## [Data for processing]
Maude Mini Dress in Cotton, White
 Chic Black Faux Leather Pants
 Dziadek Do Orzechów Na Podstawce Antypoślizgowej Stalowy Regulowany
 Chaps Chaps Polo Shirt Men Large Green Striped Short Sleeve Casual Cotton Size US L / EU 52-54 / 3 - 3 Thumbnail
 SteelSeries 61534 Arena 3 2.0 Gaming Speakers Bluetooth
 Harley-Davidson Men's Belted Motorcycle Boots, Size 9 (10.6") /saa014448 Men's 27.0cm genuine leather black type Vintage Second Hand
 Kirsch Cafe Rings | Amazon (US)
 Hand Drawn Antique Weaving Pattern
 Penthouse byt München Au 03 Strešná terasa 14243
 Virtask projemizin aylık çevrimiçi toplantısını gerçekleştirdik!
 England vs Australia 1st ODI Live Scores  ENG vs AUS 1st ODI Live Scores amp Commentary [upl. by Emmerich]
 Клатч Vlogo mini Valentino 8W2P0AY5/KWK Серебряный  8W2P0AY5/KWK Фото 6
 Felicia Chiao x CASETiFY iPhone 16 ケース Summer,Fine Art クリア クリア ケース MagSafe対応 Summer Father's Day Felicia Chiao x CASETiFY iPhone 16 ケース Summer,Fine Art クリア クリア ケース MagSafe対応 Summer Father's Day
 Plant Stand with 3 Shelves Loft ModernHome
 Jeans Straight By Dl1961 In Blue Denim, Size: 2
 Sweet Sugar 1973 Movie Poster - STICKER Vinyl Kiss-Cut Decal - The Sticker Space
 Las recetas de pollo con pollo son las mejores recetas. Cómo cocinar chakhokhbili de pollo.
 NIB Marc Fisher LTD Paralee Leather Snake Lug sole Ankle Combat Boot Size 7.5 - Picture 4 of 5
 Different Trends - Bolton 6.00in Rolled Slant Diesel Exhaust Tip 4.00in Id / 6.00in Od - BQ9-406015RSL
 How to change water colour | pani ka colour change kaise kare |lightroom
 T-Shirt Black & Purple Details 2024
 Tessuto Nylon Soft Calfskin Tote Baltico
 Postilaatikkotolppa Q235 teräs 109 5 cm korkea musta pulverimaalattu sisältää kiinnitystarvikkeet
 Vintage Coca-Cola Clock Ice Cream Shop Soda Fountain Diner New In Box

## [Exercise prompt]
Repeat exactly, please, each line from the beginning of the data through the line with "Las recetas de" in it, and only those lines.

## [Exercise solution]
Maude Mini Dress in Cotton, White
 Chic Black Faux Leather Pants
 Dziadek Do Orzechów Na Podstawce Antypoślizgowej Stalowy Regulowany
 Chaps Chaps Polo Shirt Men Large Green Striped Short Sleeve Casual Cotton Size US L / EU 52-54 / 3 - 3 Thumbnail
 SteelSeries 61534 Arena 3 2.0 Gaming Speakers Bluetooth
 Harley-Davidson Men's Belted Motorcycle Boots, Size 9 (10.6") /saa014448 Men's 27.0cm genuine leather black type Vintage Second Hand
 Kirsch Cafe Rings | Amazon (US)
 Hand Drawn Antique Weaving Pattern
 Penthouse byt München Au 03 Strešná terasa 14243
 Virtask projemizin aylık çevrimiçi toplantısını gerçekleştirdik!
 England vs Australia 1st ODI Live Scores  ENG vs AUS 1st ODI Live Scores amp Commentary [upl. by Emmerich]
 Клатч Vlogo mini Valentino 8W2P0AY5/KWK Серебряный  8W2P0AY5/KWK Фото 6
 Felicia Chiao x CASETiFY iPhone 16 ケース Summer,Fine Art クリア クリア ケース MagSafe対応 Summer Father's Day Felicia Chiao x CASETiFY iPhone 16 ケース Summer,Fine Art クリア クリア ケース MagSafe対応 Summer Father's Day
 Plant Stand with 3 Shelves Loft ModernHome
 Jeans Straight By Dl1961 In Blue Denim, Size: 2
 Sweet Sugar 1973 Movie Poster - STICKER Vinyl Kiss-Cut Decal - The Sticker Space
 Las recetas de pollo con pollo son las mejores recetas. Cómo cocinar chakhokhbili de pollo.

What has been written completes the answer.